Last week, our own Adam Collyer took a look at the NCAA's recent rules violation charges against Ohio State and the absence of the dreaded "lack of institutional control" charge among them. In case you missed that post, do check it out, especially if you're not familiar with what "lack of institutional control" is supposed to mean, because we'll be investigating the topic again today.
On Monday, the NCAA charged Boise State with "lack of institutional control" following minor, self-reported violations across several sports, including football, followed by a major violation in which a women's tennis player was permitted to compete prior to enrollment. Boise State's response to the major violation?

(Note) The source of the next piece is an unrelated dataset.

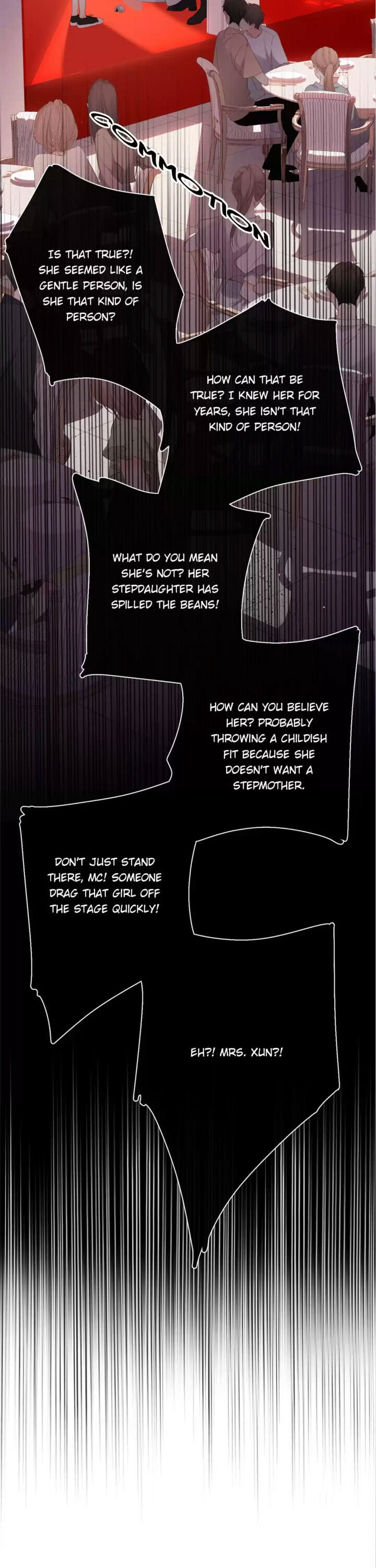 Once More chapter 69 - page 3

Boise State removed those coaches in November. As a result of the new violation, the NCAA decided that the case would now be sent to the Committee on Infractions rather than the agreed upon summary disposition for less severe cases.In football, the NCAA determined that total dollar value over five years was $4,934 for all of the housing, transportation and meals provided to 63 incoming student-athletes. All services ranged from $2.34 to a maximum of $417.55 and have been reimbursed by the student-athletes. In tennis and track and field, the NCAA determined that 16 student-athletes had received extra benefits over the five years equaling a $718 value. Other small dollar excess benefits are also alleged in the notice. All these funds were reimbursed as well and all were donated to charity.
The majority of allegations involve impermissible housing, transportation or meals, where an incoming student-athlete was provided a place to sleep (often on a couch or floor), a car ride or was provided free food by an existing student-athlete.
So let's get this straight. Boise State self-reports minor violations, then self-reports a major violation in which an ineligible women's tennis player was allowed to compete. It fired the coaches responsible for allowing said ineligible women's tennis player to compete, and it ended up getting charged with "lack of institutional control."
Ohio State knew nothing of five football players accepting thousands of dollars in improper benefits more than all of Boise State's minor violators combined. Its coach not only allowed those football players to compete while ineligible, he lied about it. When the truth came out, Tressel was not fired, nor was Ohio State charged with "lack of institutional control."
Ohio State's self-imposed penalties were suspending Jim Tressel for two games (he later asked for five) and a $250,000 fine for the coach.
Boise State's self-imposed penalties?
The Boise State University football team will have at least three fewer preseason practices as it prepares for this year’s season opener against Georgia in Atlanta.
The Broncos also will award three fewer scholarships over the course of the next two seasons and be allowed three fewer preseason practices before next year’s opener at Michigan State.
All that, and the Bronco football team wasn't even connected to major violations like Ohio State's.
Obviously, the NCAA is standing behind a brazen double standard here. That in and of itself isn't really surprising. If you've followed the organization for any length of time, you know it basically makes up the rules for doling out justice as it goes along. What is kind of shocking, though, is the apparent total lack of institutional self-respect. Ohio State's self-imposed sanctions were a joke, and Boise's self-imposed sanctions really hammer that home, yet the NCAA let the Buckeyes off the hook anyway. Gordon Gee and Gene Smith back in Columbus basically laughed in the committee's face and dared it to throw the book and it folded.
Maybe it's the NCAA with a lack of institutional control.